13. The method as described in claim 2, further characterized in that the images in the group of images are P-pictures (1010)

14. An apparatus, comprising: a decoder (1210) that accesses a stream of bits that includes encoded images; Y a scene cutting artifact detector that determines (1230) a scene cut image in the bit stream using the bitstream information without decoding the bit stream to derive the pixel information.

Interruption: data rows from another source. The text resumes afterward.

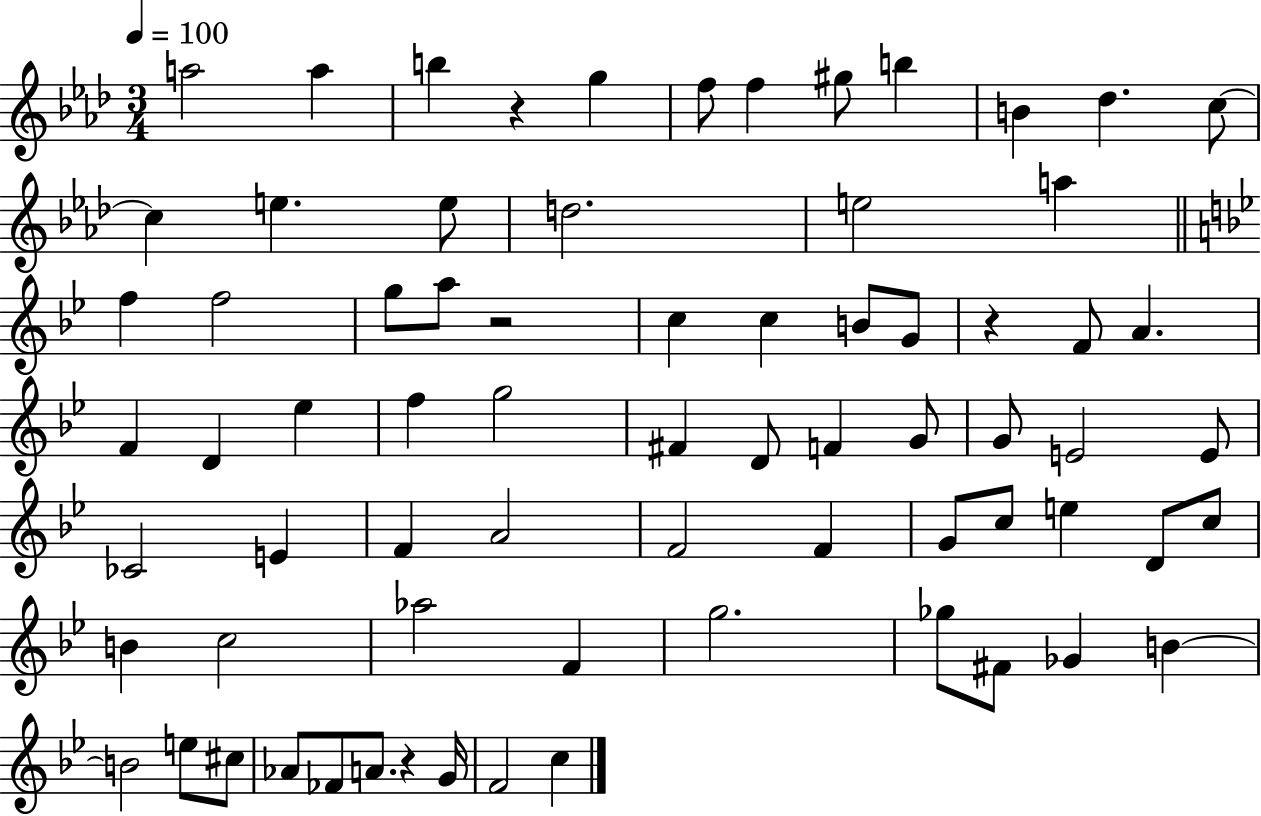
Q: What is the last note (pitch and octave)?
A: C5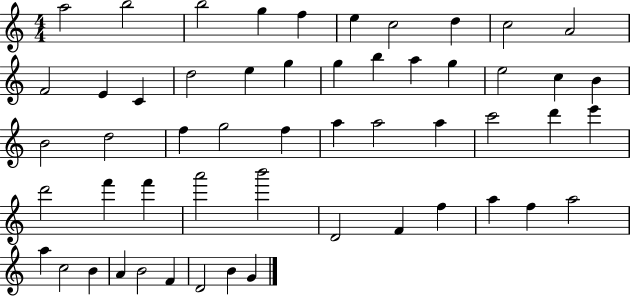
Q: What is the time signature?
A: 4/4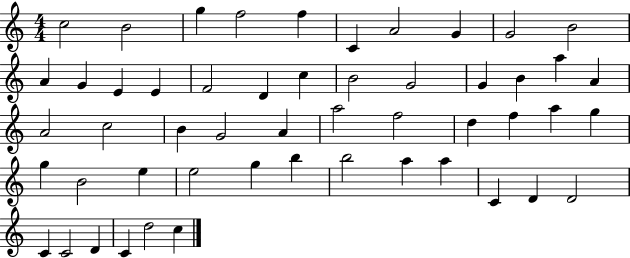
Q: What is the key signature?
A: C major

15. The apparatus as described in claim 14, further characterized in that the decoder (1210) decodes at least one of frame sizes, prediction residues and motion vectors for a group of images of a bit stream, wherein the group of images includes at least one of a candidate scene cut image, an image that precedes a scene cut image, and an image that follows the scene cut image candidate, and wherein the scene cutoff detector (1230) determines the respective difference measurements for the candidate scene cut image in response to at least one of the frame sizes, the prediction residuals, and the motion vectors and determines that the candidate scene cut image is the scene cut image if one or more of the difference measures exceeds their respective pre-determined thresholds.

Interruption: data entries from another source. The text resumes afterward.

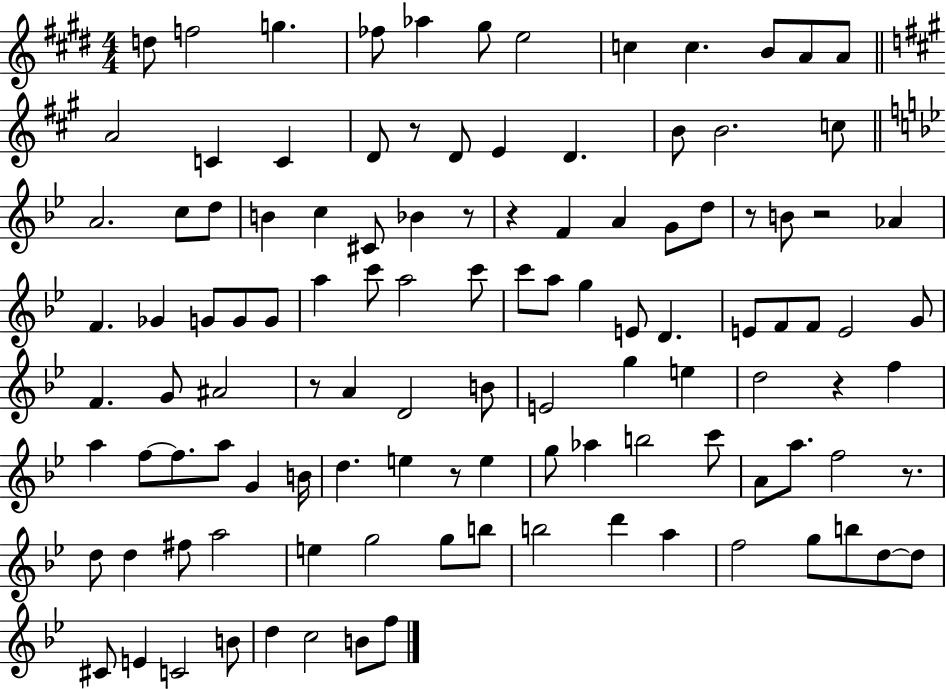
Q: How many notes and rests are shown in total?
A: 114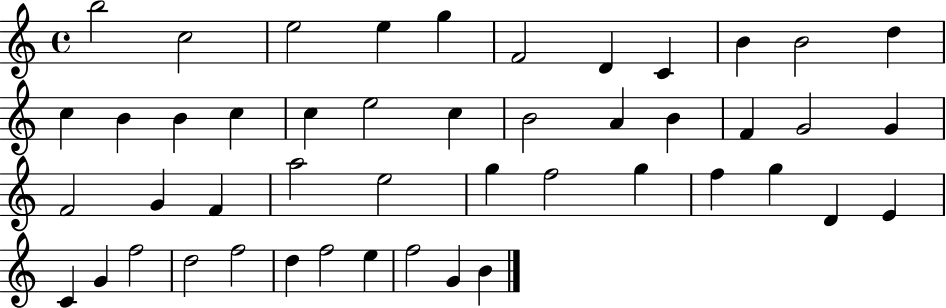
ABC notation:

X:1
T:Untitled
M:4/4
L:1/4
K:C
b2 c2 e2 e g F2 D C B B2 d c B B c c e2 c B2 A B F G2 G F2 G F a2 e2 g f2 g f g D E C G f2 d2 f2 d f2 e f2 G B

16. The apparatus as described in claim 15, further characterized by additionally comprising: a candidate cut scene artifact detector (1220) which selects an intra image as the candidate scene cut image if the compressed data for at least one block in the intra image is lost.

17. The apparatus as described in claim 16, further characterized in that the scene cutoff detector (1230) determines that the at least one block in the scene cut image has a scene cutoff artifact.

18. The apparatus as described in claim 17, further characterized by additionally comprising: a quality predictor (1240) that assigns a lower quality level to the at least one block that is determined to have the scene cutoff artifact.

19. The apparatus as described in claim 15, further characterized in that it further comprises: a candidate scene cutting artifact detector (1220) that selects an image that refers to a lost image as the candidate scene cut image.

20. The apparatus as described in claim 19, further characterized in that the candidate scene cutting artifact detector (1220) determines an estimated number of transmitted packets of an image and an average number of transmitted packets of images preceding the image, and selects the image as the candidate scene cut image when a ratio between the estimated number of packets transmitted from the image and the average number of packets transmitted from the images preceding the image exceed a predetermined threshold.

21. The apparatus as described in the claim 19, further characterized in that the candidate scene cutting artifact detector (1220) determines an estimated number of transmitted bytes of an image and an average number of transmitted bytes of images that precede the image, and selects the image as the image of court of Candidate scene when a ratio between the estimated number of bytes transmitted from the image and the average number of bytes transmitted from the images that precede the image, exceed a predetermined threshold.

22. The apparatus as described in the claim 21, further characterized in that the candidate scene cutoff artifact detector (1220) determines the estimated number of bytes transmitted in response to a number of bytes received from the image and an estimated number of bytes lost.

23. The apparatus as described in the claim 19, further characterized in that the scene cutting artifact detector (1230) determines that a block in the scene cut image has a scene cut artifact when the block refers to the lost image.

24. The apparatus as described in the claim 23, further characterized by additionally comprising: a quality predictor (1240) assigns a lower quality level to the block where it is determined that the block has the scene cutting artifact.

25. A means readable by the processor that has stored in it instructions to cause one or more processors to perform collectively: access a bit stream that includes encoded images; Y determine (1080) the scene cut images in the bit stream using the bitstream information without decoding the bitstream to derive the pixel information.